▶ _TASK DESCRIPTION_:
Every line in the entries where "Navy" is found should be copied.

──────── MATERIAL FOR THIS TASK ────────

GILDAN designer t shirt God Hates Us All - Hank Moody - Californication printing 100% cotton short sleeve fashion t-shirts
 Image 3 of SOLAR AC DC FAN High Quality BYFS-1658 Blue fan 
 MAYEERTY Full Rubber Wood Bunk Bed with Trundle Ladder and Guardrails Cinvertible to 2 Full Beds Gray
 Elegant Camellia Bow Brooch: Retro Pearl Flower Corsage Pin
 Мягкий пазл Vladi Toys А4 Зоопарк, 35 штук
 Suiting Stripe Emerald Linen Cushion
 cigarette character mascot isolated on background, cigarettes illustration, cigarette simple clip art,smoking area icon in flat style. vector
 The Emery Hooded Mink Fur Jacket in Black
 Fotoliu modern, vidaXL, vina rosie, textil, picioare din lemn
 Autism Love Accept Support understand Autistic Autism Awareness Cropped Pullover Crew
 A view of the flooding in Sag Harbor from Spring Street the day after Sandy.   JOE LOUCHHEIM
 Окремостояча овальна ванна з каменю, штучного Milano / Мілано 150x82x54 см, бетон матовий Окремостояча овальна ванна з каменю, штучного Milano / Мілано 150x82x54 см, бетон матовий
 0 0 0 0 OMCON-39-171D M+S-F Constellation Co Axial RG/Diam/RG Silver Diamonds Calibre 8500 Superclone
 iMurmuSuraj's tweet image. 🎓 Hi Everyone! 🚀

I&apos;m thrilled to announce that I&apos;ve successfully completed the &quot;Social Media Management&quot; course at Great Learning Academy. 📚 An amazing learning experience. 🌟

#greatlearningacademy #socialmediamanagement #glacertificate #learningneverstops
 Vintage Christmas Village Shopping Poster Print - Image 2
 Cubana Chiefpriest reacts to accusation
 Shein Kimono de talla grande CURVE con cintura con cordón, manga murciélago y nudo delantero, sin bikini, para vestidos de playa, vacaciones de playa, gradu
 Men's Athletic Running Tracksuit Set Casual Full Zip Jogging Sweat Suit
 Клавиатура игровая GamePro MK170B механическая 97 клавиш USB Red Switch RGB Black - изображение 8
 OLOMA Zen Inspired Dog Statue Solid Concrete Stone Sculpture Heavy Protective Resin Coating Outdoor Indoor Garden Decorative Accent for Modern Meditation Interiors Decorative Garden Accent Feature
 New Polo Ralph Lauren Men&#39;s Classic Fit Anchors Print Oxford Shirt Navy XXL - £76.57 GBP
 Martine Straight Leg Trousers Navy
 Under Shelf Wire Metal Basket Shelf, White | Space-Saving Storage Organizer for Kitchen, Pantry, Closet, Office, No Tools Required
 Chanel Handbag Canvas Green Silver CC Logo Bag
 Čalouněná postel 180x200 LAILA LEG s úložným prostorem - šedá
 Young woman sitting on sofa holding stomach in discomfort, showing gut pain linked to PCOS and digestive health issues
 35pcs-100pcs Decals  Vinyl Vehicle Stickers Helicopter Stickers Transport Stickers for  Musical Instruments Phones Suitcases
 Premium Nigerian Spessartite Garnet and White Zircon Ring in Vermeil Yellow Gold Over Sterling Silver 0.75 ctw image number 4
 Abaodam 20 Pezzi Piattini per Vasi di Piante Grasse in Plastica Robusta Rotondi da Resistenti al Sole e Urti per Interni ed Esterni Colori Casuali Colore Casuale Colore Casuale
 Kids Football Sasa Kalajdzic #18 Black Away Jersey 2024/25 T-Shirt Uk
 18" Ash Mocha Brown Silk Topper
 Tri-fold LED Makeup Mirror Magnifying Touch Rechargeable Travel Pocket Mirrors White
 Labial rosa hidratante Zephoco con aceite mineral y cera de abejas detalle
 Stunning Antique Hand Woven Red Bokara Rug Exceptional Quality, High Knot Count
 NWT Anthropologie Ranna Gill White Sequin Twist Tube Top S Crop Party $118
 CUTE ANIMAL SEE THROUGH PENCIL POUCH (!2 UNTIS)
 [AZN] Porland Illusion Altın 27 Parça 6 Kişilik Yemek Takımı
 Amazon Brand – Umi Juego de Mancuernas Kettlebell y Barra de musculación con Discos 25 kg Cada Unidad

────────

▶ _REPLY TO THE TASK_:
 New Polo Ralph Lauren Men&#39;s Classic Fit Anchors Print Oxford Shirt Navy XXL - £76.57 GBP
 Martine Straight Leg Trousers Navy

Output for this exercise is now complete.